Hirsch Dania, Narinski Ronit, Klein Tirza, Israel Shoshana, Singer Joelle
Department of Endocrinology, Rabin Medical Center, Beilinson Campus, Petah Tikva, and Sackler Faculty of Medicine, Tel Aviv University, Tel Aviv, Israel.
Hum Immunol. 2007 Jul;68(7):616-22. doi: 10.1016/j.humimm.2007.03.016. Epub 2007 Apr 23.
The distribution of HLA class II alleles and genotypes in Israelis of different ethnic origin with adult-onset type 1 diabetes (T1D) was examined. The results were compared with published findings in healthy Israelis and childhood-onset T1D Israelis. An additional comparison was made between subgroups of patients with rapidly and slowly progressive adult-onset T1D (LADA). A DNA-based low-resolution analysis was performed for DRB1* and DQB1* alleles and a high-resolution analysis for DRB104 and DQB11 alleles. In all, 87% of the study group was positive for DRB103 or DRB104 compared with 36% of the healthy controls. The main alleles accounting for susceptibility to T1D were DRB10402, found in 77.9% of carriers of DRB104 and DQB10302, found in 74.6% of carriers of DQB103. The DQB1*0602 was not detected in any patient. The distribution was similar to that reported in Israeli children with T1D and significantly different from healthy Israelis. There was no significant difference in the distribution of HLA class II alleles between patients with rapidly progressive T1D or LADA. It may be concluded that the different ages of onset of T1D and its different forms of development in Israeli patients are apparently not caused by a different prevalence of HLA class II alleles.

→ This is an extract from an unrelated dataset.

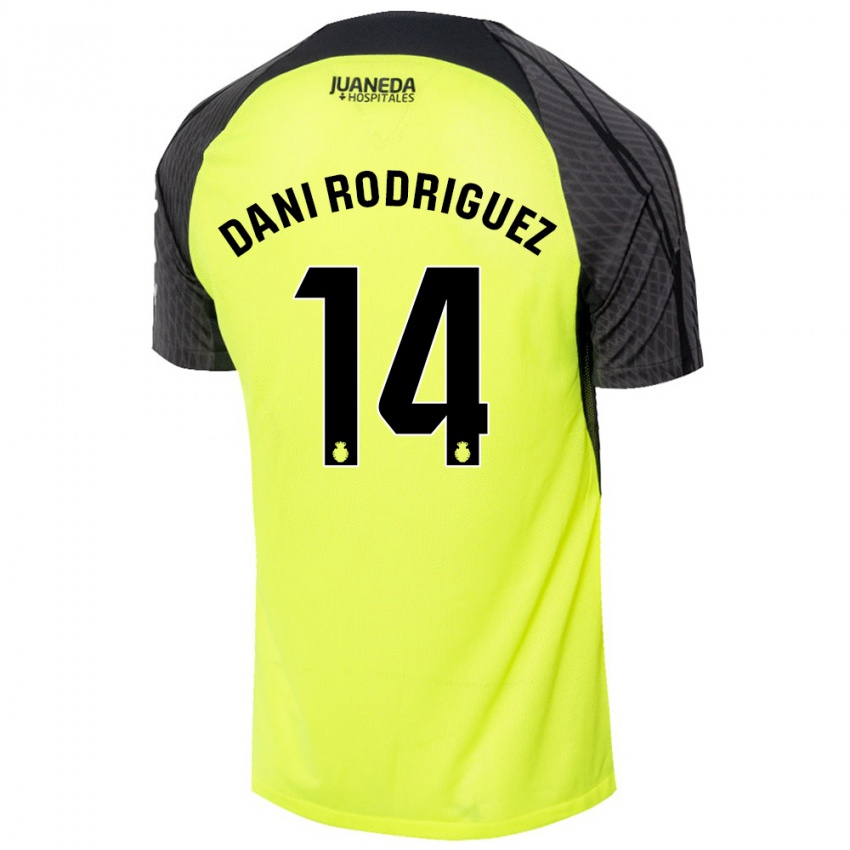 Dame Dani Rodríguez #14 Fluorescerende Grønn Svart Bortetrøye Drakt Trøye 2024/25 Skjorter T-Skjorte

研究了不同种族来源的成年发病型1型糖尿病(T1D)以色列人的HLA II类等位基因和基因型分布。将结果与健康以色列人和儿童发病型T1D以色列人已发表的研究结果进行比较。还对快速进展型和缓慢进展型成年发病型T1D(LADA)患者亚组进行了比较。对DRB1和DQB1等位基因进行了基于DNA的低分辨率分析,对DRB104和DQB11等位基因进行了高分辨率分析。总体而言,研究组中87%的人DRB103或DRB104呈阳性,而健康对照组中这一比例为36%。导致T1D易感性的主要等位基因是DRB10402,在DRB104携带者中占77.9%,DQB10302在DQB103携带者中占74.6%。在任何患者中均未检测到DQB1*0602。该分布与以色列T1D儿童的报道相似,与健康以色列人有显著差异。快速进展型T1D或LADA患者之间HLA II类等位基因分布无显著差异。可以得出结论,以色列患者T1D发病年龄不同及其不同的发展形式显然不是由HLA II类等位基因的不同流行率引起的。